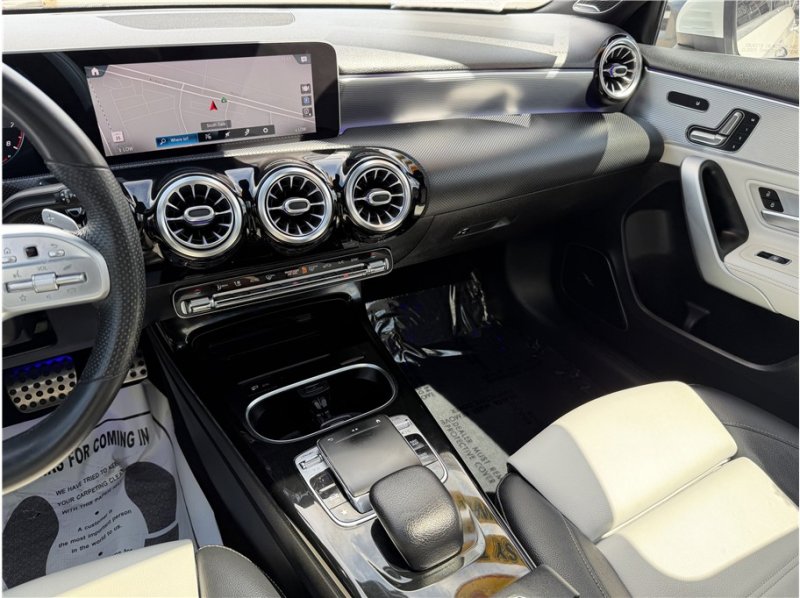 Used 2020 Mercedes-Benz A 220 image 43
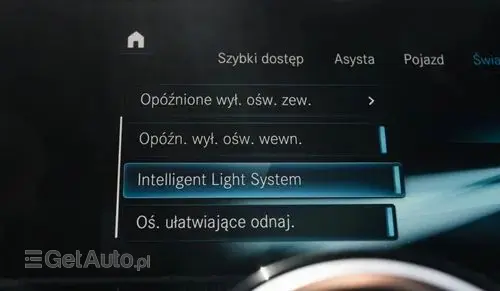 MERCEDES-BENZ Klasa A 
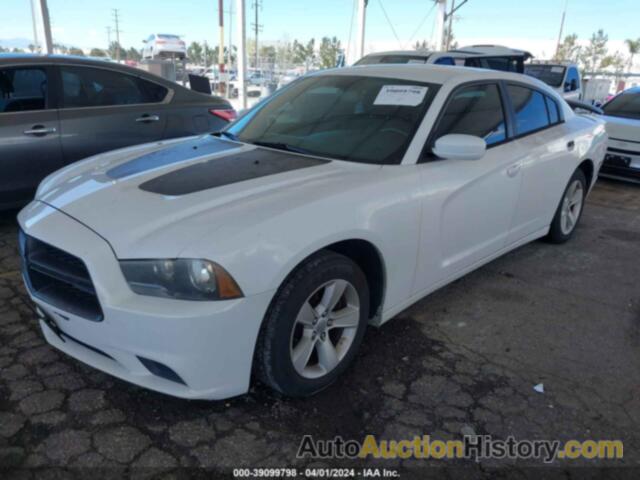 DODGE CHARGER SE, 2C3CDXBG8DH539718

#### [What needs to be done]
None of the pictures belong in the copy. Write out exactly the lines from the line that holds "MERCEDES-BENZ Klasa A" through the last line of the listing above, both ends included.

#### [Answer box]
 MERCEDES-BENZ Klasa A 
 DODGE CHARGER SE, 2C3CDXBG8DH539718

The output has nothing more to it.